(Provided information)
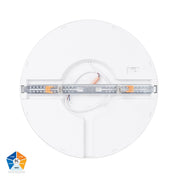 Havit Lighting Auster White 36w LED Ceiling Mounted Oyster Light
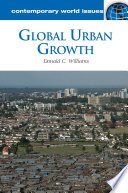 Global urban growth : a reference handbook /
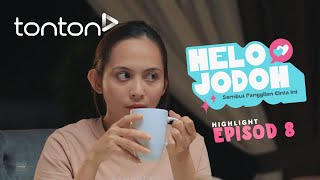 HIGHLIGHT Helo Jodoh 2024 Episod 8  Zack Dah Jumpa Girlfriend Baru  Tonton [upl. by Sapphera]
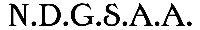 NDGSAA Logo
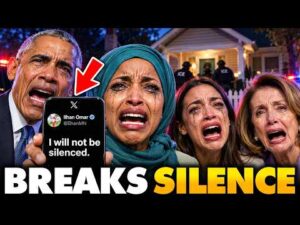 🚨Ilhan Omar Breaks Silence, Has Psychotic Public BREAKDOWN After ICE Raid as Dems Freak…Deportation?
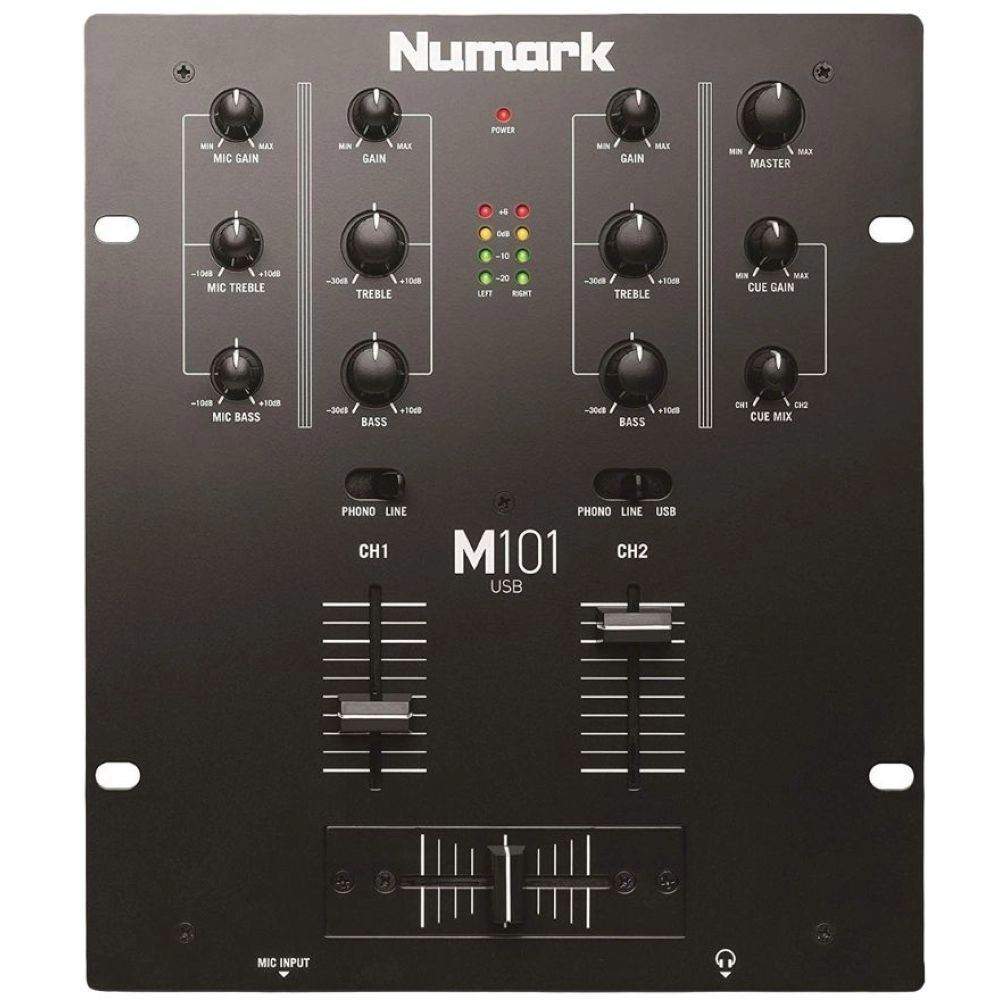 Numark M101Usb - 2-Channel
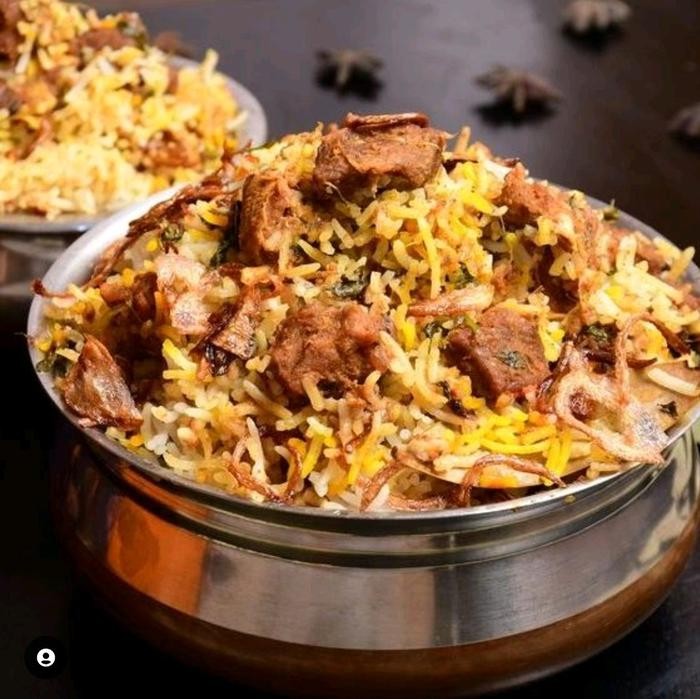 

paket beras basmati 1kg dan shaan bumbu sindhi biryani bumbu Rice Food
(End Provided information)
Your goal>
Word for word, repeat the lines of data above, omitting every picture.

Answer box>
 Havit Lighting Auster White 36w LED Ceiling Mounted Oyster Light
 Global urban growth : a reference handbook /
 HIGHLIGHT Helo Jodoh 2024 Episod 8  Zack Dah Jumpa Girlfriend Baru  Tonton [upl. by Sapphera]
 NDGSAA Logo
 🚨Ilhan Omar Breaks Silence, Has Psychotic Public BREAKDOWN After ICE Raid as Dems Freak…Deportation?
 Numark M101Usb - 2-Channel

paket beras basmati 1kg dan shaan bumbu sindhi biryani bumbu Rice Food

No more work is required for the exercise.